Alois Riedler (May 15, 1850 - October 25, 1936) was a noted Austrian mechanical engineer, and, as professor in Germany, a vigorous proponent of practically-oriented engineering education.

Riedler was born in Graz, Austria, and studied mechanical engineering at the Technische Hochschule (TH) Graz from 1866-1871.  After graduation he took on a succession of academic appointments. He first became an assistant at the TH Brünn (1871-1873); then in 1873 moved to the TH Vienna, first as an assistant, then from 1875 onwards as a designer of machines. From 1880 to 1883, Riedler worked as associate professor at the TH Munich. In 1883 he became full professor at the TH Aachen.

In 1888 he joined the TH Berlin as Professor for Mechanical Engineering, where he remained until retirement in 1920. From 1899 to 1900, he was appointed the school's principal (rector) and led discussions on how to celebrate its 100th anniversary. As a result, Riedler and Adolf Slaby (1849–1913) convinced Kaiser Wilhelm II (1859–1941) to allow Prussian technical universities to award doctorates. Although the government did not immediately consent, this effort led eventually to the school's reconstitution as today's Technical University of Berlin.

Riedler first received international recognition for his reports on the Philadelphia Centennial Exposition (1876) and Paris Exposition Universelle (1878). He was later widely known for his efficient, high-speed pumps widely adopted in waterworks and in draining mines.

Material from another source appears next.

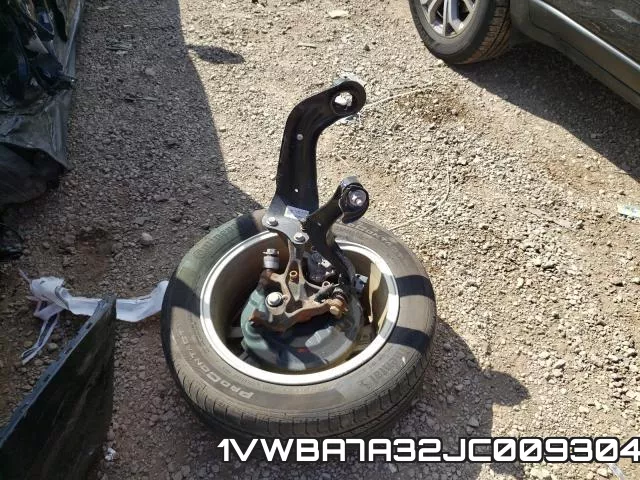 1VWBA7A32JC009304 фото 10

Riedler was also known for his 1896 book "Das Maschinen-Zeichnen", (Machine Drawing) which introduced modern technical drawing.

Riedler was actively involved in the early development of internal combustion engines, both for gasoline and diesel fuel. In 1903 he established the Laboratory for Internal Combustion Engines at the TH Berlin, expanded in 1907 to include investigations of motor vehicles. As laboratory director, Riedler designed a pioneering roller test stand. He also received what was probably the first research contract to investigate fuels specifically for aircraft engines (particularly benzene).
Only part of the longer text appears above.